Von Marcel Duclaud 23.12.2019, 11:40
Mitarbeiter der Straßenbaufirma sind dabei Arbeiten an den Banketten durchzuführen.
Mitarbeiter der Straßenbaufirma sind dabei Arbeiten an den Banketten durchzuführen. Thomas Klitzsch

Eutzsch - Was es jahrzehntelang nicht gab, ist in Eutzsch inzwischen zur Normalität geworden: kaum ein Auto auf den Straßen, es ist ziemlich still, nur von Ferne klingt das Rauschen der Umgehungsstraße in den Ort.

Den Bürgern, die lange gelitten, lange gekämpft haben, damit der belastende Durchgangsverkehr aus dem Ort verschwindet, vermissen nichts: „Es ist ruhiger und sicherer geworden, die Lebensqualität hat sich deutlich verbessert“, freut sich Ortsbürgermeister Gerd Sehmisch.
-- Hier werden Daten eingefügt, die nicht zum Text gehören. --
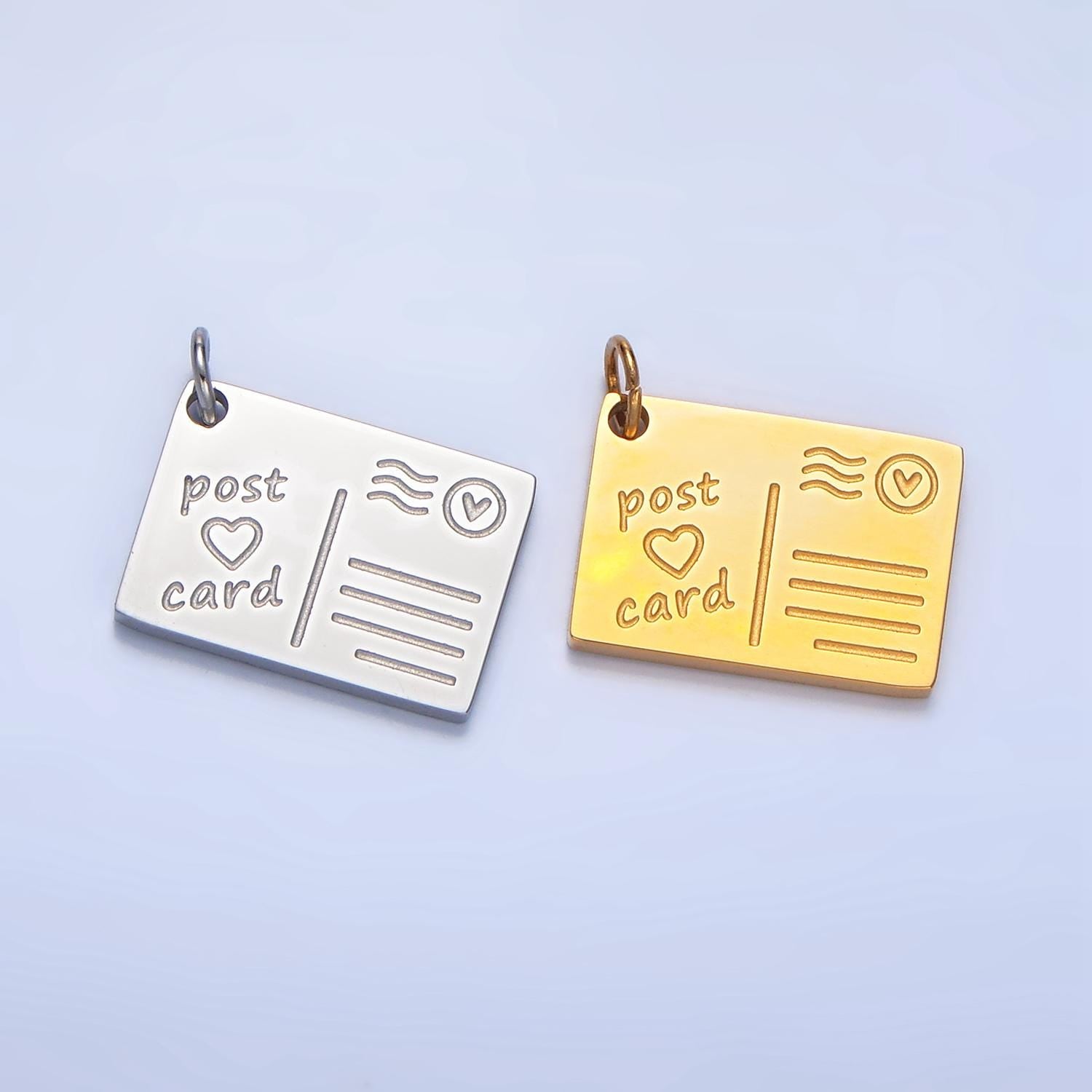 Limited Edition Stainless Steel Postcard Charm Paris Japan Travel Pendant | P-1262,P-1229,P-1248,P-1258,P-1259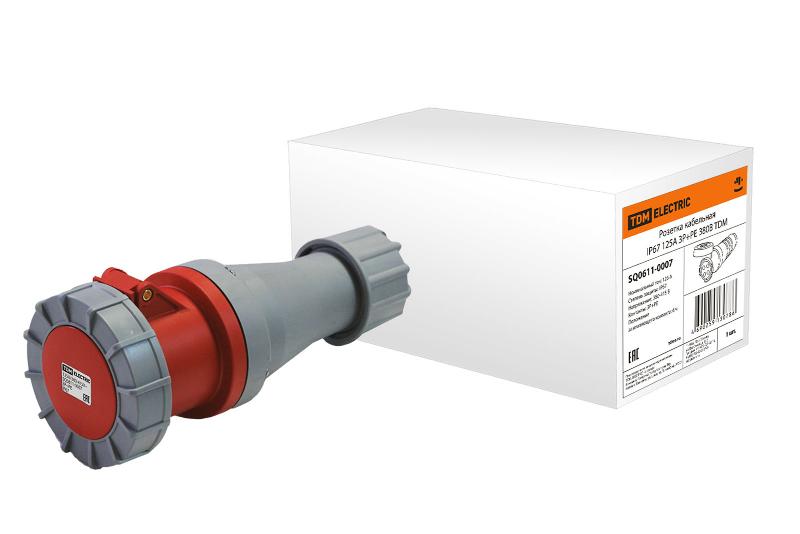 Розетка кабельная IP67 125А 3Р+РЕ 380В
Händler, die über mangelnde Kundschaft klagen könnten, gibt es nicht mehr in Eutzsch. Der Bäcker hat geschlossen, der Konsum ebenfalls. „Ich dachte, ich bin beim Hochwasser“, erinnert sich Sehmisch an den Augenblick im August dieses Jahres, als es schlagartig still wurde.
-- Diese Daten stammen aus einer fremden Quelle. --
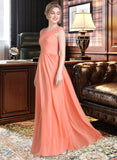 Mariah Ball-Gown/Princess V-neck Floor-Length Chiffon Bridesmaid Dress With Ruffle STKP0013204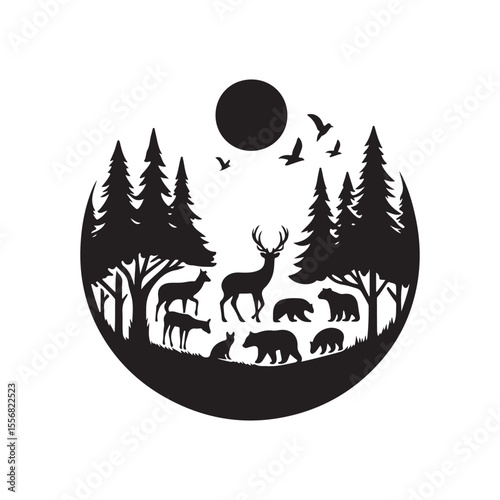 forest animals vector silhouette clip art logo design illustration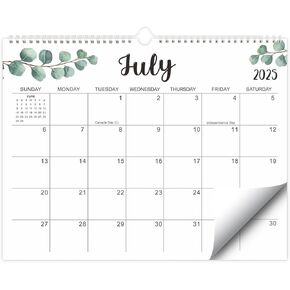 2025-2026 Wall Calendar, 18 Monthly Calendar from Jan. 2025 to Jun. 2026, 15" x 12" Hanging Colorful Calendar with Spiral Binding - Perfect for Planning in Kuwait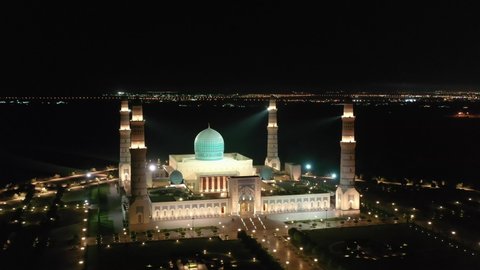 Aerial view of Sultan Qaboos Mosque in Sahar, Oman
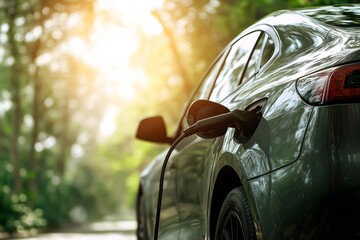 Closeup of an electric car charging with the power cable in a modern urban environment with a sunlit green nature background Mixed media ecofriendly energy co.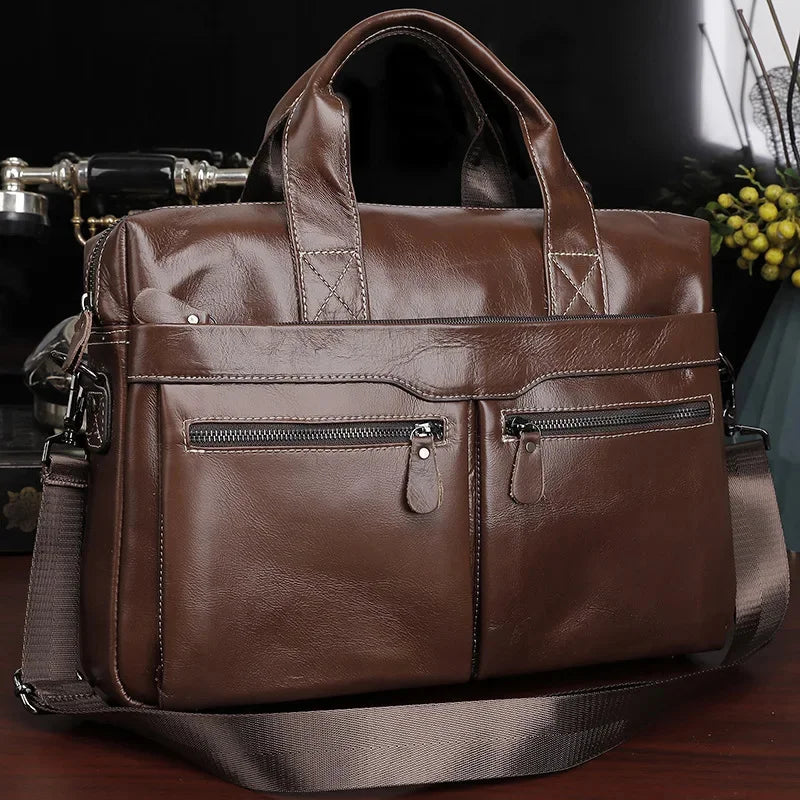Men Genuine Briefcase Large Business Office Handbag Male Leather 14" Laptop Shoulder Bags Men's Travel Messenger Bag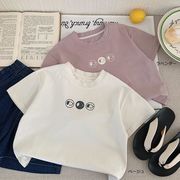 全2色[80-130cm] 女の子男の子 プリント 半袖Tシャツ 韓国風 トップス  カットソー 春夏 キッズ 子供服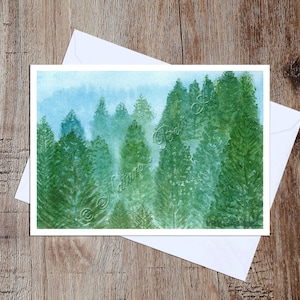 Nature Watercolor Greeting Card, Blank Inside, 5x7 card with envelope, Note Card for any occasion, Bar Harbor, Maine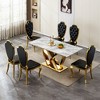 Dolonm 70" Modern Faux Marble Dining Table for 6 with Stainless Steel Base - 4 of 4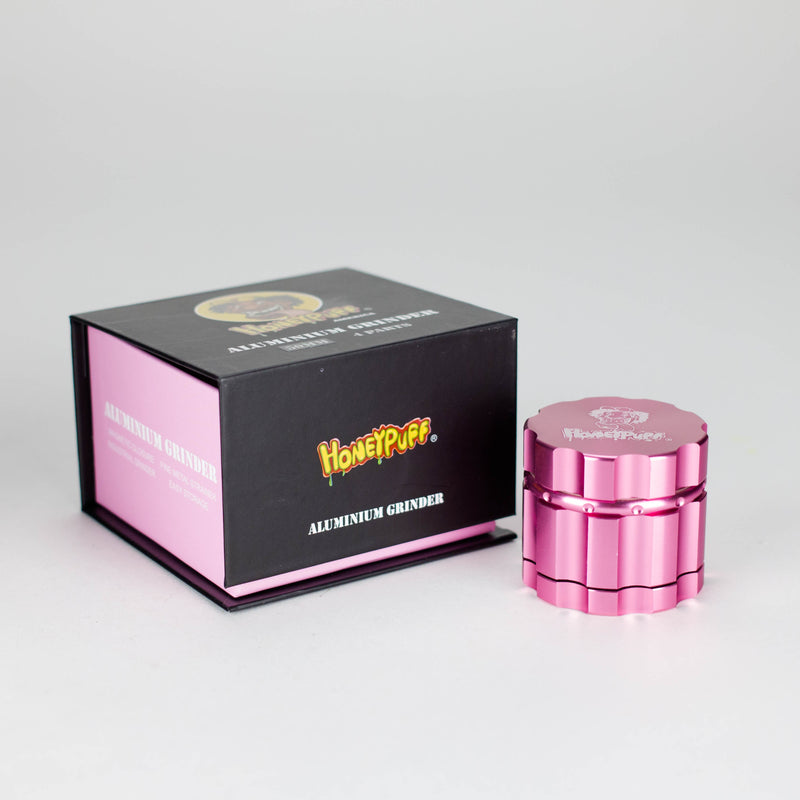 Honey Puff 4-Piece Metal Herb Grinder with Packaging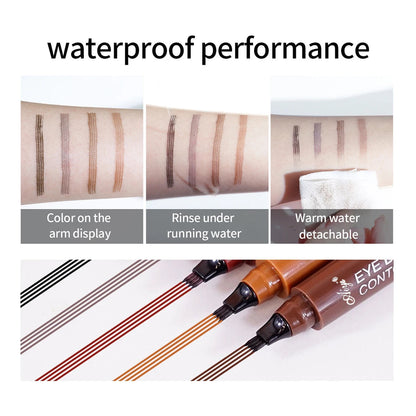 Waterproof Eyebrow Pencil, Quad Eyebrow Pencil, Natural Brow Makeup Long-Lasting Non-Fade Liquid Water Eyebrow Pencil (5 Colors) Good Vibrations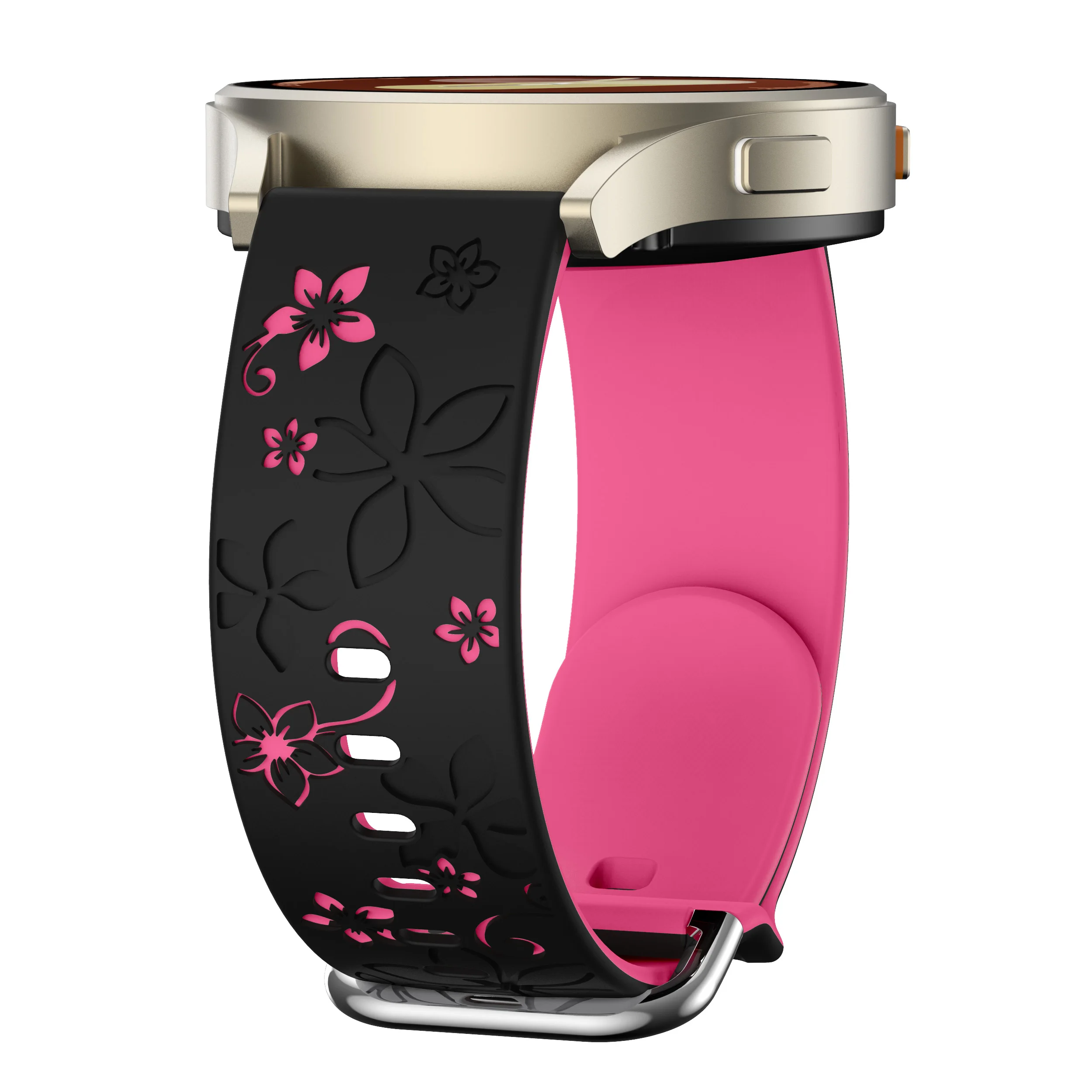 Breathable Engraved Flower Silicone Sport Band - Unisex 22mm Strap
Hartnäckigkeit zahlt sich aus

Im August ist die lange geforderte und schließlich tatsächlich gebaute Umgehungsstrecke für den Verkehr freigegeben worden - nicht zuletzt ein Erfolg der Hartnäckigkeit der Eutzscher. Horst Ewald weiß noch, als die Bürgerinitiative gegründet wurde, das war 1998. Er wohnt direkt an der einstigen Bundesstraße - vielleicht zehn Meter weg. „Den Geräuschpegel gab es ständig. Fenster konnte man nicht einfach öffnen. Überall war ein unheimlicher Schmutz.“ Im Schnitt sind damals pro Tag rund 15 000 Fahrzeuge durch Eutzsch gerollt, in der Spitze 20 000, darunter 2 000 Schwerlaster, so Ewald. Als aus dem Lärm im August urplötzlich ein „Flüstern“ wurde, hat er als erstes die Fassade seines Hauses renoviert. Vorher lohnte das nicht. Saniert werden soll laut Sehmisch demnächst auch das Haus, in dem die Kindertagesstätte untergebracht ist. Dort haben die Erschütterungen des Verkehrs Risse im Putz hinterlassen.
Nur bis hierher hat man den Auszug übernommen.